Leader: We gather together in Jesus' Name

All: Help us to explore, discover and learn togethr


One of the lovely things about life in Southern India is that special visitors to schools or churches, or even factories, are given a shawl or a garland as a sign of welcome and honour. These garlands might be made out of lots of flowers and the perfume from these floral garlands is beautiful. They might be made mainly of pink roses or white jasmine, or even some other flower you don't recognise. These floral garlands don't last very long. By the end of the day they are beginning to fall apart and the flowers in them are turning brown. You can see garland makers stringing flowers together at the local markets and street stalls. Sometimes the garland is made of strands of silk tied together with beads. This sort of garland is very light to wear. Garlands can also be made of strings of beads smelling of sandalwood, decorated with gold thread and sequins. These types of garlands can be readily bought in local shops.

Because garlands are given to every special guest who comes, many groups of people find ways to make garlands with the resources that they have at hand.

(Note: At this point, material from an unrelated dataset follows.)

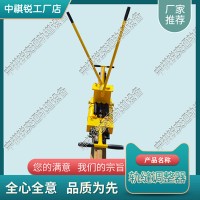 重庆GFT-40单项轨缝调整器_铁路用新型轨缝调整器_铁路养路设备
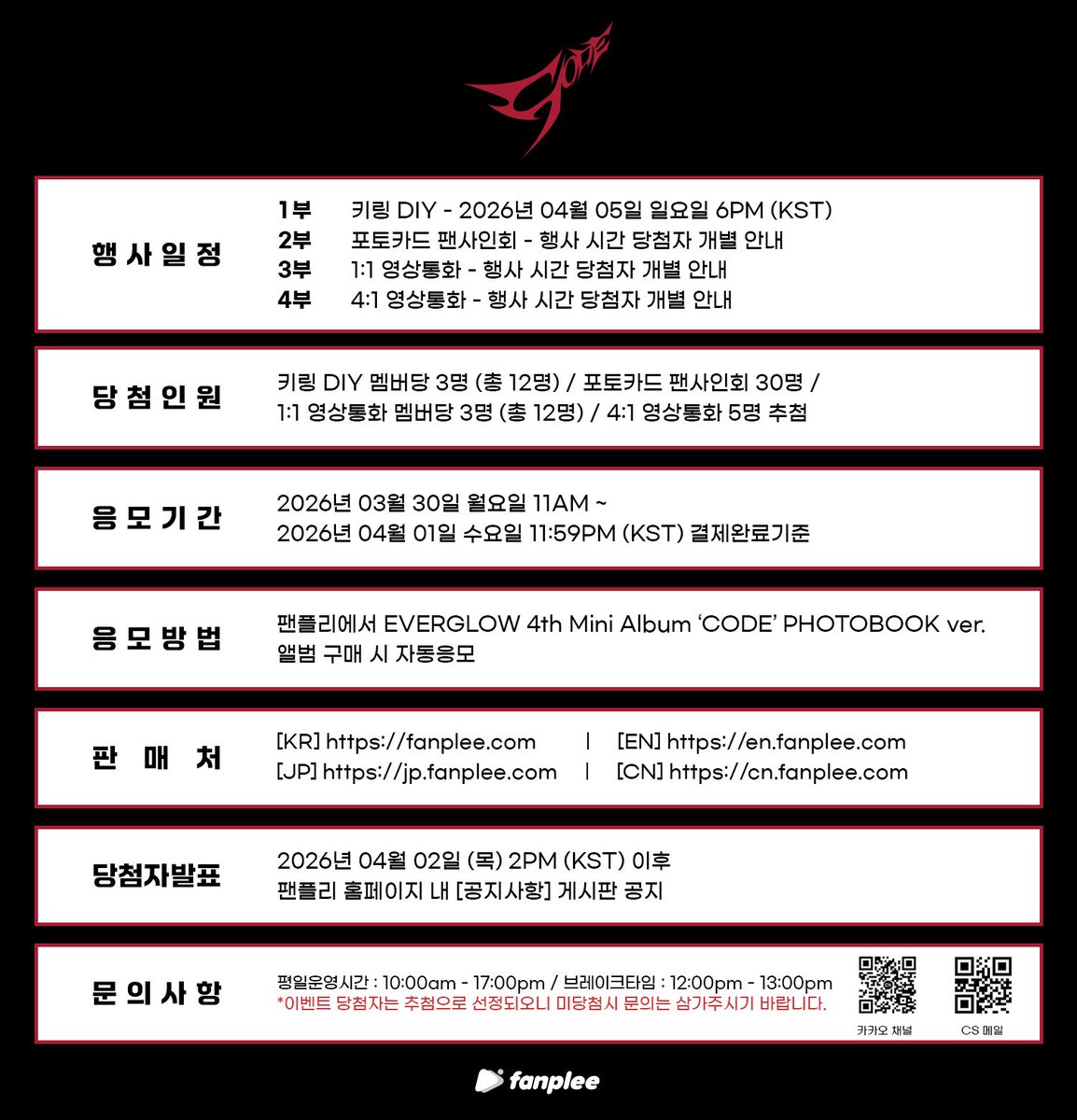 fanplee 팬플리 tweet media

If you go to the Devalois CSI school at Kasam, in the countryside near Vellore, you will be given a garland made of plastic jasmine flowers, beads and wool. These garlands are made by gypsies at a nearby encampment. Gypsies have been seen as one of the outcast groups in Indian society. Many of the gypsy children go to the school. Often they will be the first generation of gypsy children to be educated. The school give free lunches to the children, to encourage the parents to send their children. The school also wants to encourage and help the parents, so they buy the garlands that the gypsies have made to give to all special guests to the school.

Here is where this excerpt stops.